Pinning down Estuary English

J.C. Wells, University College London

Abstract for a lecture given in Lund, Sweden, April 1998

Rosewarne, inventor of the term Estuary English, is to be congratulated on identifying and naming a concept that has a resonance among the general public. But his definition lacks explicitness: ‘a variety of modified regional speech [...] a mixture of non-regional and local south-eastern English pronunciation and intonation’. And he includes among his EE characteristics matters such as details of phraseology that many would consider irrelevant.

A new definition of Estuary English is proposed: standard English spoken with an accent that includes features localizable in the southeast of England.

EE is therefore different from Cockney in that its grammar is standard (eg you were, not you was), and in its generally avoiding such stigmatized phonetic characteristics as h-dropping and th-fronting.
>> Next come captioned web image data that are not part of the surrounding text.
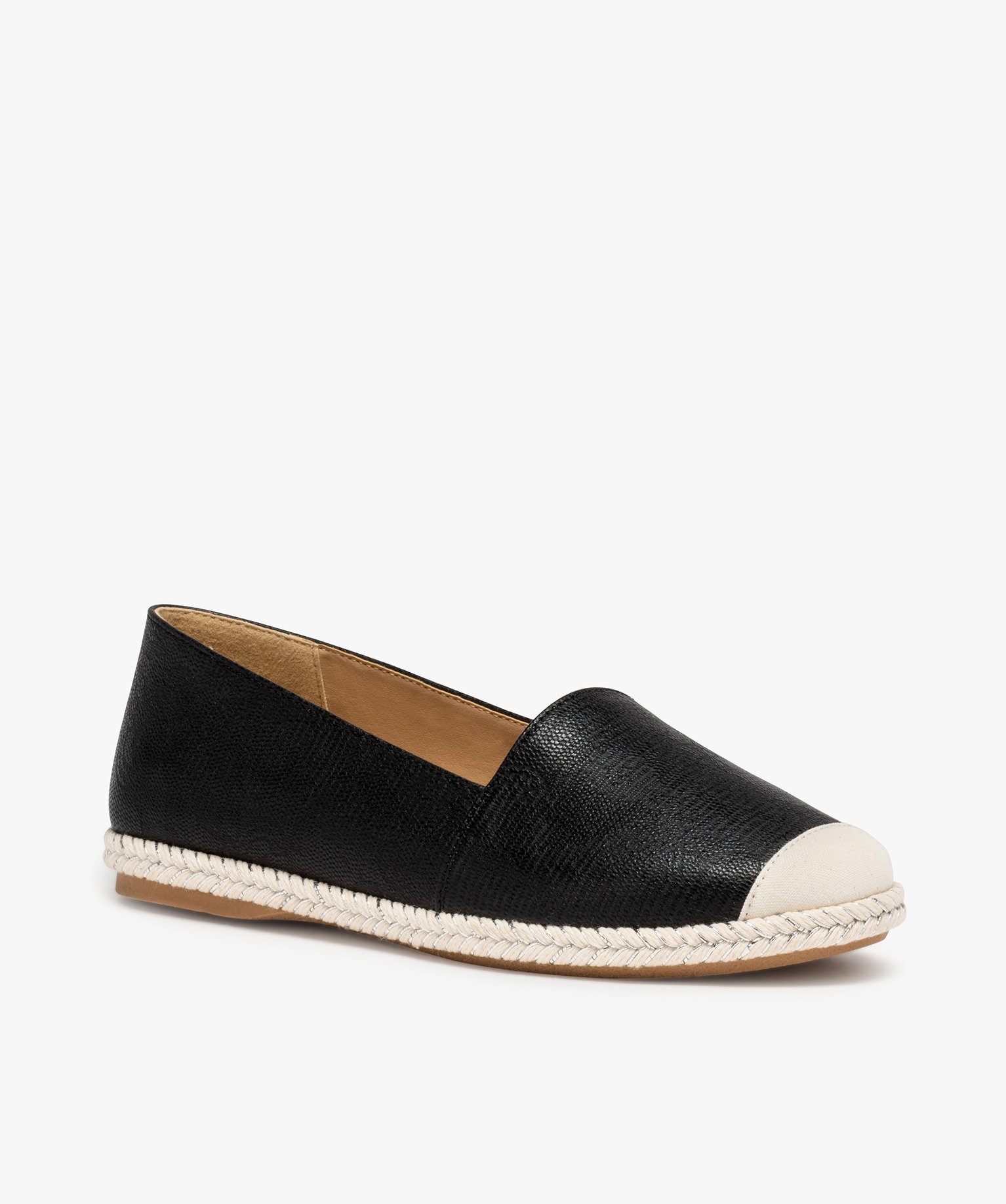 Ballerines femme style espadrilles en toile brillante noir | GEMO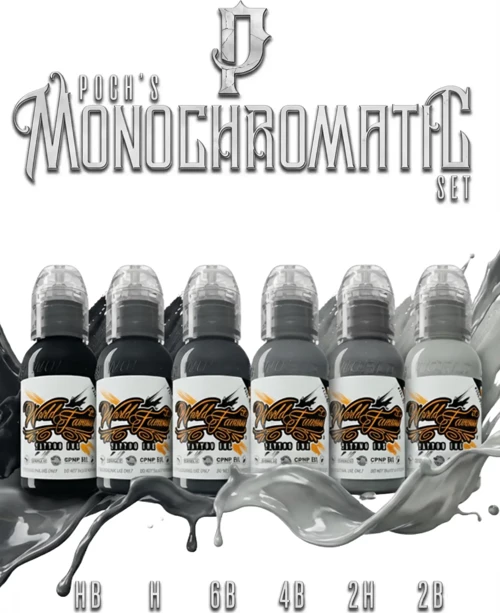 World Famous Monochromatic Set – Profesyonel Siyah & Gri Dövme Boyası 6’lı Set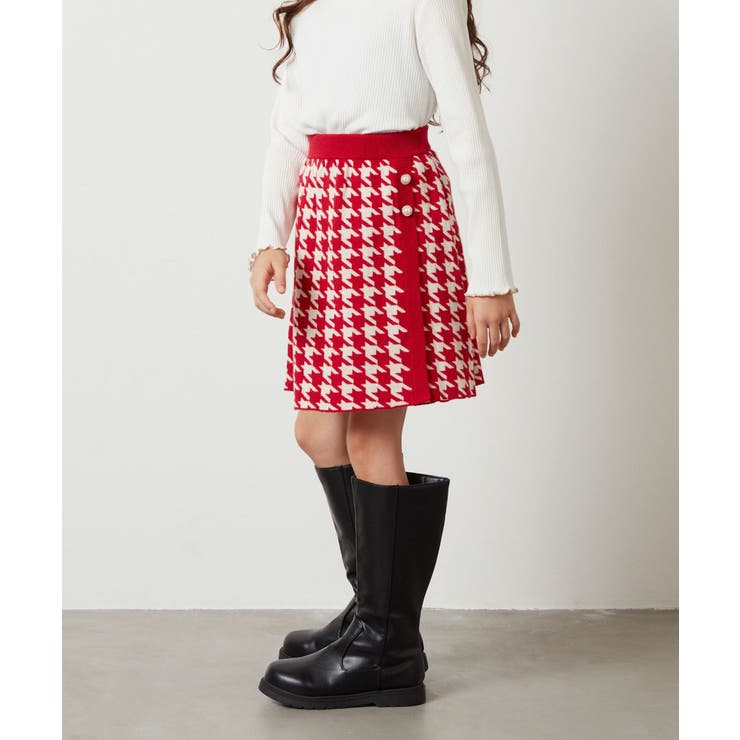120-130]千鳥柄ジャカードニットスカート[品番：ITKW0013572]｜a.v.v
As an accent it differs from RP in typically reflecting such phonetic developments as t-glottalling, l-vocalization, and yod coalescence, and in incorporating particular forms of certain lexical items (eg twenty and wanted with nt-reduction; something with final /k/).

Far from being ‘a bastardized version of Cockney’, EE can be seen as its educated counterpart. Like other speech varieties, it should be recognized as covering a range of styles and levels of formality (eg in the phonetics of -ing). Hard evidence of its supposed geographical and social dissemination is eagerly awaited.